Words: Ana Kinsella
The first time I visited Bedford Avenue in Brooklyn, something took me by surprise. A tall, skinny girl with long dark hair sashayed in front of me with an iced coffee in her hand, teetering on stupidly-high Jeffrey Campbell booties. “God,” I thought. “She looks like… she looks almost like a fashion blogger!”
Not any fashion blogger in particular, of course. More like a Platonic form of a fashion blogger that I had never encountered in real life, but had grown familiar with via flicking through my Google Reader every day.

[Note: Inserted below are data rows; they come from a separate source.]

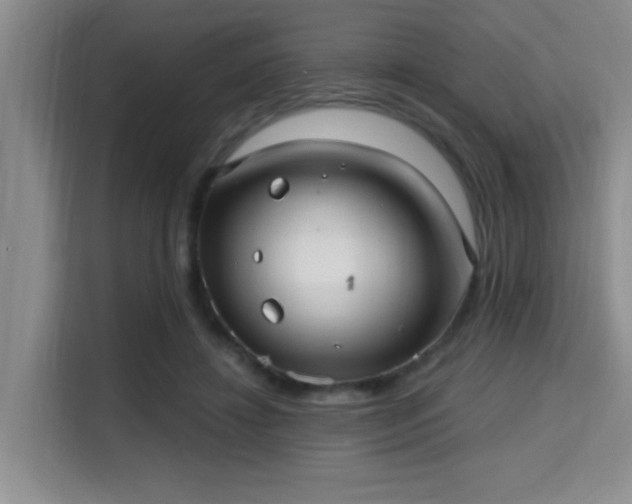 X0000115730452200911191415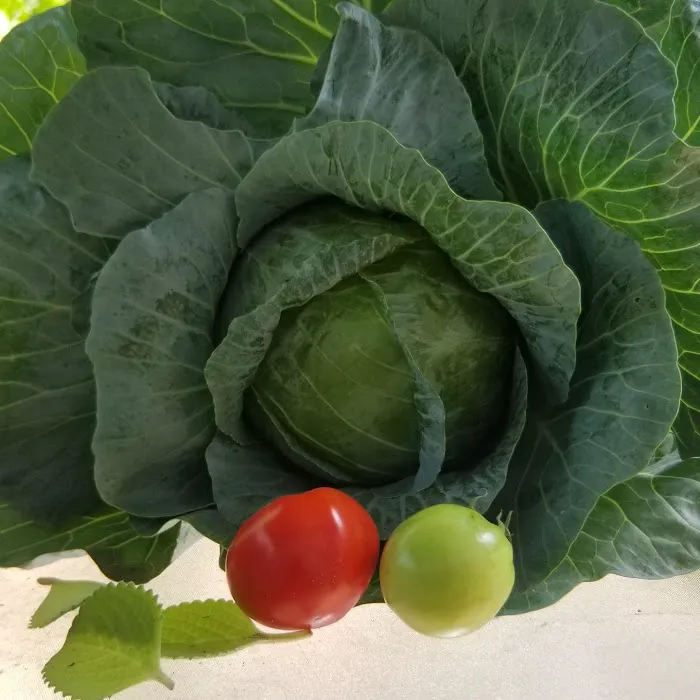 United Herkimer Garden Club Picture 4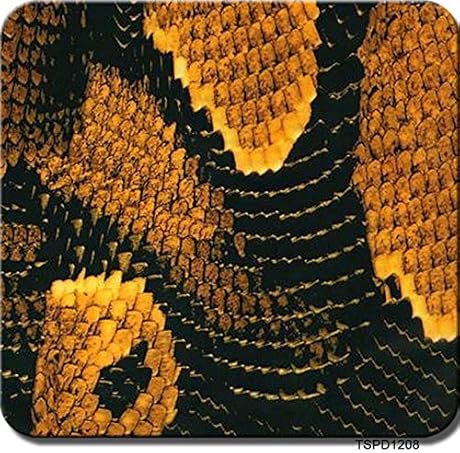 Wassertransfer Sticker Hydrographics Film 10 Meter Breite -WassertransferdruckHydro-Tauchfilm-Tierhaut-Textur-Multi-Color Optional Dekorative GegenstAnde Color TSPD1208 Size 1mx10m Wassertransfer Sticker Hydrographics Film 10 Meter Breite -WassertransferdruckHydro-Tauchfilm-Tierhaut-Textur-Multi-Color Optional Dekorative GegenstAnde Color TSPD1208 Size 1mx10m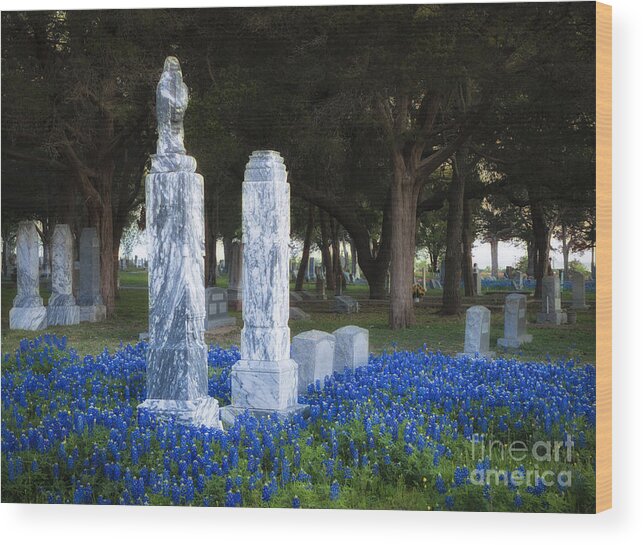 Cemetery Wood Print featuring the photograph Cemetery Bluebonnets by Richard Mason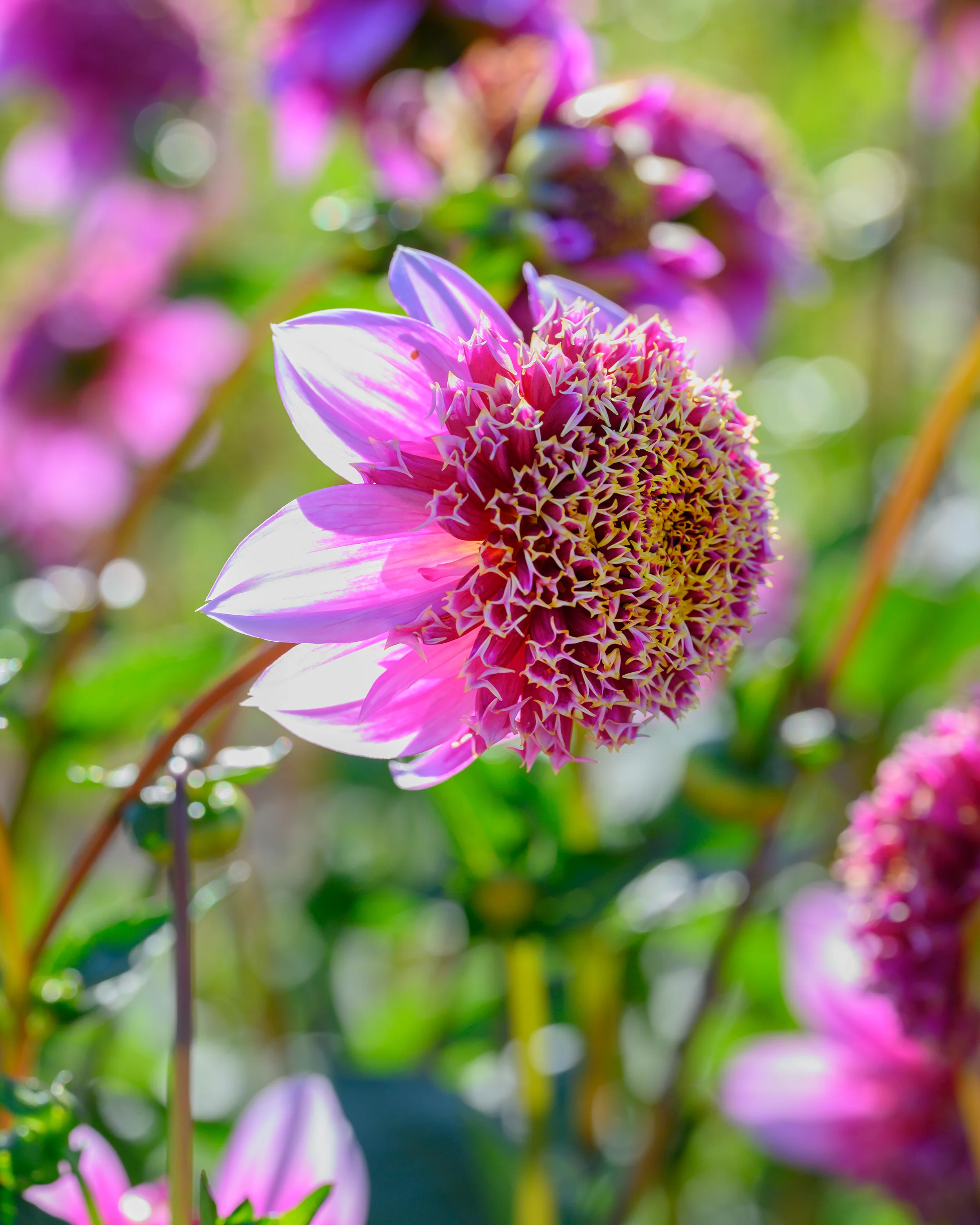 Dahlia 'Fenna Baaij' - Image 3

The curious thing about the internet and its capacity for infinite content is that it has actually led more to a kind of endless sameness. From city to city, where previously we had indigenous fashion tribes and one-off boutiques, now we have a million identigirls in Acne Pistols and Isabel Marant. (Or Forever 21 knock-offs with the same result, really.)
OK, maybe that’s a slight exaggeration. But certainly the sheer scale of street style online has done something to change how fashion functions. It’s become more of a spectacle than ever before. I left a Burberry Prorsum show in Hyde Park once, writing some notes in my phone, and got shouldered into by a pair of smiley street style photographers. Tommy Ton, of Jak & Jil, and Phil Oh, Mr Street Peeper, are like the fraternal twins of street fashion.
They jostle around outside shows laden down with lenses, waiting for editors and models to emerge so they can grab the best shot. And after a few seasons of hanging around, they’ve transformed from eager irritants to respected professionals, now working for clients like Vogue and GQ. Of course, more and more they’re competing with a flock of amateurs with SLRs trying to follow in their footsteps. “Magdalena!” I heard one of them shout at a giraffe of a model strutting towards a waiting cab. “Magdalena, pretend to be on your phone! Talk to the phone!” The model complied, and a beautiful staged “candid” shot was produced, uploaded and reblogged across the internet.